See artikkel on trükitud:
https://www.eesti.ca/house-takes-lead-on-russian-human-rights-bill/article36568
House takes lead on Russian human-rights bill
06 Jun 2012 EWR Online
Julian Pecquet, The Hill - 06/04/12
The House Foreign Affairs Committee this week will become the first panel to vote on human-rights legislation that lawmakers of both parties say is a precondition to normalizing trade relations with Russia.

The panel is scheduled to mark up the so-called Magnitsky bill, sponsored by U.S. Congressional Human Rights Commission co-chairman Rep. James McGovern (D-Mass.), on Thursday. The bill has the support of committee chairwoman Ileana Ros-Lehtinen (R-Fla.) and is expected to easily pass the House despite Russian threats of retaliation.

“If this new anti-Russian law is adopted, then of course that demands measures in response,” Russian President Vladimir Putin's spokesman Yuri Ushakov said last week.

The bill is named after Sergei Magnitsky, a Russian lawyer who was arrested on fraud charges and died in custody three years ago after accusing tax officials of a $230 million fraud. It would impose travel and financial sanctions on anyone “responsible for extrajudicial killings, torture or other human-rights violations committed against individuals seeking to promote human rights or to expose illegal activity carried out by officials of the government of the Russian Federation,” according to a summary, as well as officials involved in Magnitsky’s detention and death.

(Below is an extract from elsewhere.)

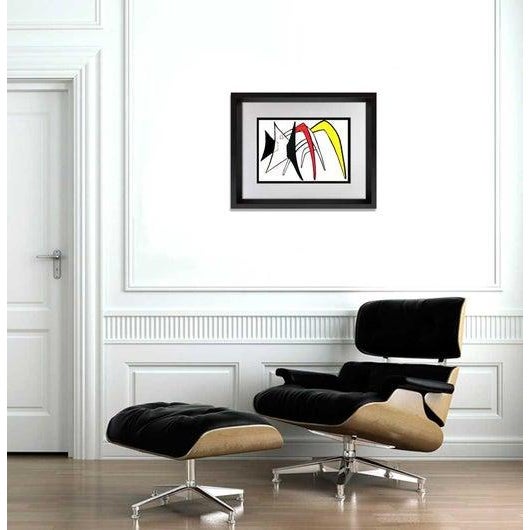 Double Original Alexander Calder Limited Edition Lithograph in color. On Woven paper. Sur le presses de Mourlot Freres,...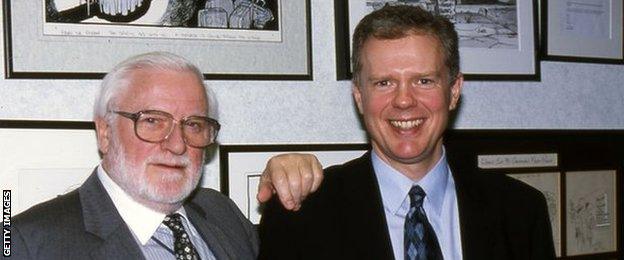 Trevor Birch with former Chelsea owner Ken Bates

The legislation aims to give Congress a way to pressure Moscow on human rights after the United States establishes normal trade relations with Russia, which is supposed to happen this July following Russia's accession to the World Trade Organization. The bill would replace the Jackson-Vanik amendment, Cold War-era legislation that denied favored-nation status to certain countries that restrict emigration.